# Generate the AudioSet ontology

Using [OwlReady2](https://owlready2.readthedocs.io/en/latest/index.html) package. Ontology documentation published at https://maastrichtu-ids.github.io/audioset-owl

First define the Notebook parameters for [papermill](https://papermill.readthedocs.io/en/latest/usage-parameterize.html)

In [1]:
# Papermill parameters. Do not delete this cell.
output_format = 'rdfxml'
audioset_ontology_uri = 'https://w3id.org/audioset'

Import the library and define the local `ontologies` folder.
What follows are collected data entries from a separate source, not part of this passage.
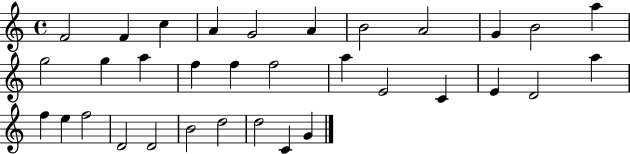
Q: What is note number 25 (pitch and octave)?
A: E5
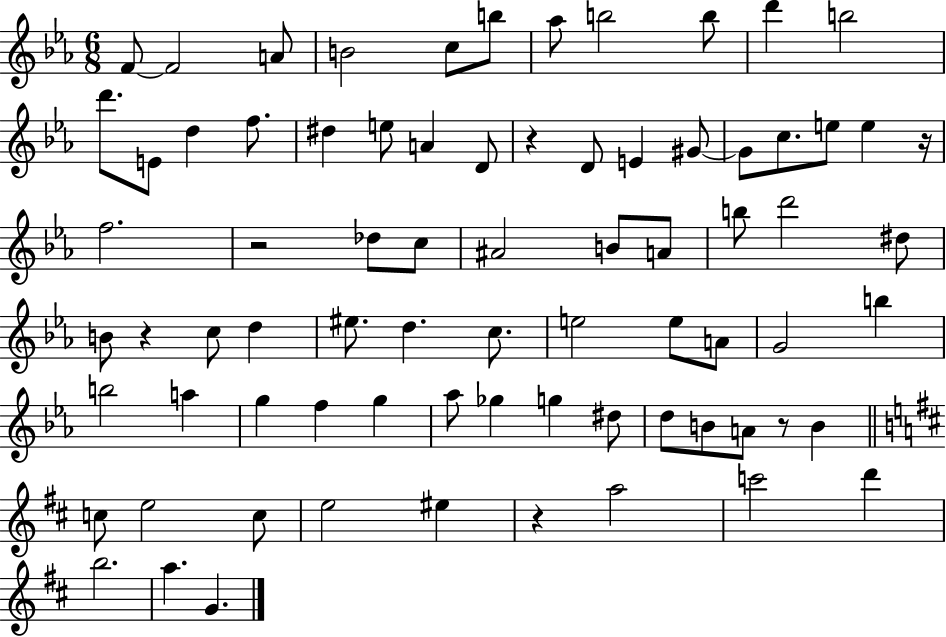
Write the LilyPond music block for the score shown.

{
  \clef treble
  \numericTimeSignature
  \time 6/8
  \key ees \major
  f'8~~ f'2 a'8 | b'2 c''8 b''8 | aes''8 b''2 b''8 | d'''4 b''2 | \break d'''8. e'8 d''4 f''8. | dis''4 e''8 a'4 d'8 | r4 d'8 e'4 gis'8~~ | gis'8 c''8. e''8 e''4 r16 | \break f''2. | r2 des''8 c''8 | ais'2 b'8 a'8 | b''8 d'''2 dis''8 | \break b'8 r4 c''8 d''4 | eis''8. d''4. c''8. | e''2 e''8 a'8 | g'2 b''4 | \break b''2 a''4 | g''4 f''4 g''4 | aes''8 ges''4 g''4 dis''8 | d''8 b'8 a'8 r8 b'4 | \break \bar "||" \break \key b \minor c''8 e''2 c''8 | e''2 eis''4 | r4 a''2 | c'''2 d'''4 | \break b''2. | a''4. g'4. | \bar "|."
}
If an URL is given, first searches for a local copy of the OWL file and, if not found, tries to download it from the Internet.

In [2]:
from owlready2 import *
import types

if output_format == 'ntriples':
    output_extension = 'nt'
else:
    output_extension = 'rdf'

global audioset_onto 
global audioset_curated_hash
onto_path.append("/notebooks/ontologies")



### Create and load ontologies

Create the AudioSet ontology and load the Pizza ontology from the Internet (for example purpose)

In [3]:
audioset_onto = get_ontology(audioset_ontology_uri)
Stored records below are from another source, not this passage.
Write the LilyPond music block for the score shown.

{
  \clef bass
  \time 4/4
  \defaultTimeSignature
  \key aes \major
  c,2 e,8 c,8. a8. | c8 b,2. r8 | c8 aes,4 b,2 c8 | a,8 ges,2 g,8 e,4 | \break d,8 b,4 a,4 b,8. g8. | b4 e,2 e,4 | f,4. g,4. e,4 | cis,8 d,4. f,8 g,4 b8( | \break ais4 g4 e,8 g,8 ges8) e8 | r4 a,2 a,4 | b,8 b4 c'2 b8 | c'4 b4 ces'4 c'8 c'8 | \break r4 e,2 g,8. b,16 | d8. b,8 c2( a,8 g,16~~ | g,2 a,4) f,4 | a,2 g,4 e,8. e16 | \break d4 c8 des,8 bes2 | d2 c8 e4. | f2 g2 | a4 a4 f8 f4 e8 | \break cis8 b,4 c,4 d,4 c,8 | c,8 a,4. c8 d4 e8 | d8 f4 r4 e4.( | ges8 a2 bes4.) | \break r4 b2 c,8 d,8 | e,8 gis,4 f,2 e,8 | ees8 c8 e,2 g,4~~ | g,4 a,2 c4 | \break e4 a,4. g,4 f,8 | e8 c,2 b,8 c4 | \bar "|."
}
pizza_onto = get_ontology("http://www.lesfleursdunormal.fr/static/_downloads/pizza_onto.owl").load()

### Create AudioSet OWL ontology from the JSON

* Get [AudioSet ontology JSON from GitHub](https://github.com/audioset/ontology)
    * [AudioSet Top classes](https://research.google.com/audioset/ontology/index.html): Human sounds, Animal, Music, Sounds of things, Natural sounds, source-ambiguous things, "Channel, environment and background"
* Add classes respecting hierarchy provided in the JSON through the `child_ids` field

See [OwlReady2 documentation](https://owlready2.readthedocs.io/en/latest/index.html) for:
* [Dynamic Classes](https://owlready2.readthedocs.io/en/latest/class.html#creating-classes-dynamically)
* [Add annotations to a Class](https://owlready2.readthedocs.io/en/latest/annotations.html?highlight=comment#adding-an-annotation): `comment`, `isDefinedBy`, `label`, `seeAlso`, `backwardCompatibleWith`, `deprecated`, `incompatibleWith`, `priorVersion`, `versionInfo`
* [Properties](https://owlready2.readthedocs.io/en/latest/properties.html)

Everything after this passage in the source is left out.